Deconstructive approaches in music criticism have mostly been concerned with these three kinds of ‘aesthetic ideology’; more specifically, they have sought to show how certain deeply acculturated (hence quasi-natural) conceptions of musical language, form, style, history, development and value can better be viewed as artefacts of a certain ‘discourse’ whose seeming naturalness works to conceal its often unwitting ideological investments. This deconstructive enterprise takes various forms according to the critic's particular interest.
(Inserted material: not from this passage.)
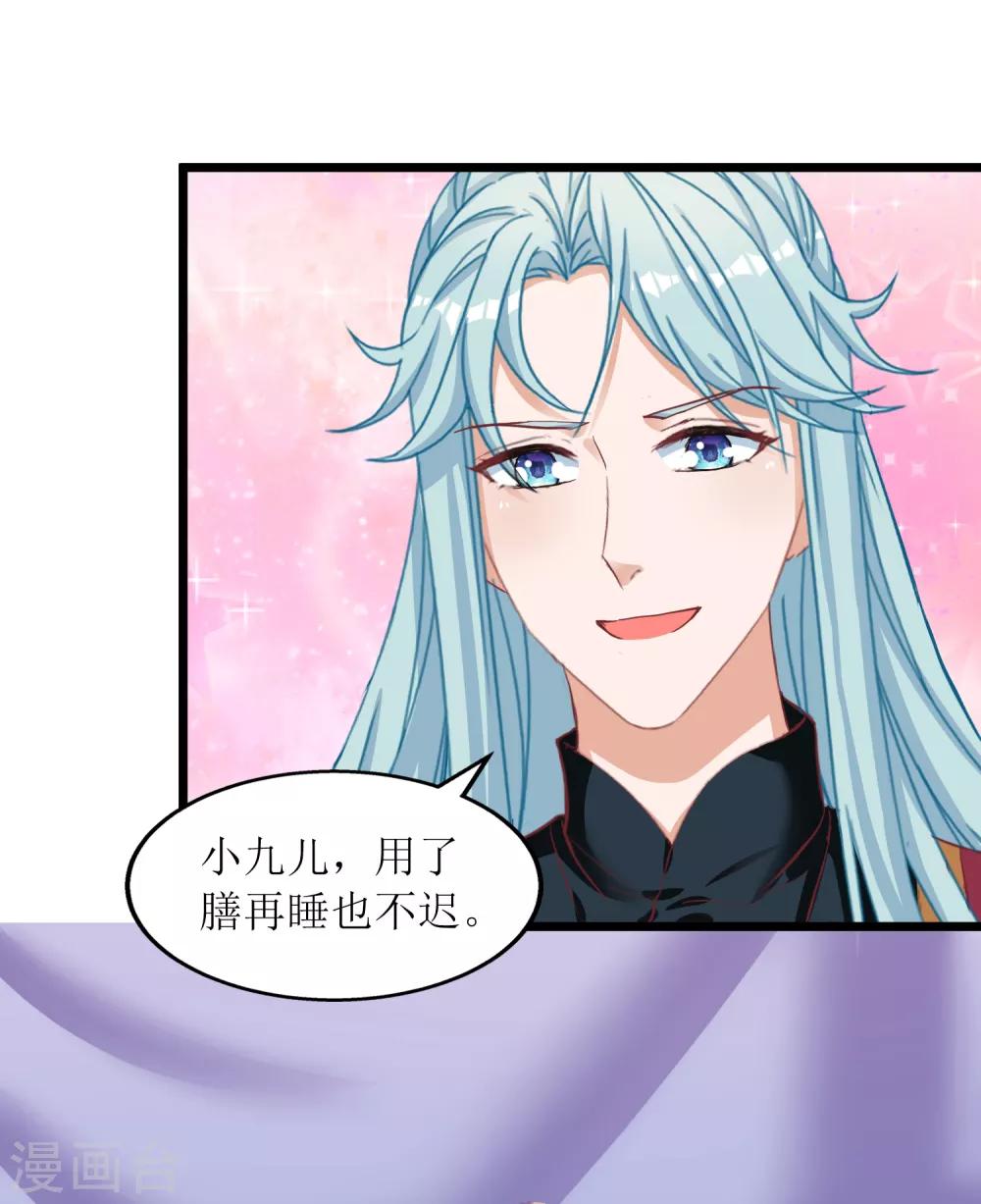 第98话-第99话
In some cases it is chiefly focussed on the emergence of a canon of ‘great works’ and the extent to which the relevant selection criteria – unity, complexity, formal coherence etc. – reveal not so much a process of ‘pure’ aesthetic valuation as a socially influenced (even ideologically determined) procedure for imposing hegemonic values (see Bergeron and Bohlman, 1992; Goehr, 1992; Stradling and Hughes, 1993). Where this approach differs from other, e.g. Marxist or ‘straight’ sociological, accounts is in its greater attentiveness to the various stress-points – the contradictions, non-sequiturs, conflicts between avowed and implied meaning – that are held to characterize the discourse of mainstream musicology. Other theorists, among them Kerman, have questioned what they see as the mutually supportive, circular relationship between an aesthetics of organic form and a canonized version of musical history based on closely analogous ideas of cultural development and growth. Such thinking evokes the Hegelian conception of history as a process that unfolds through successive phases of dialectical conflict and synthesis which finally issue in a moment of achieved self-knowledge when consciousness becomes present to itself in all the forms of its development to date. To deconstruct this version of aesthetic ideology is to focus on those various discrepant details – anachronisms, structural anomalies, hybrid genres – that put up resistance to any such organicist view of the relation between history and art.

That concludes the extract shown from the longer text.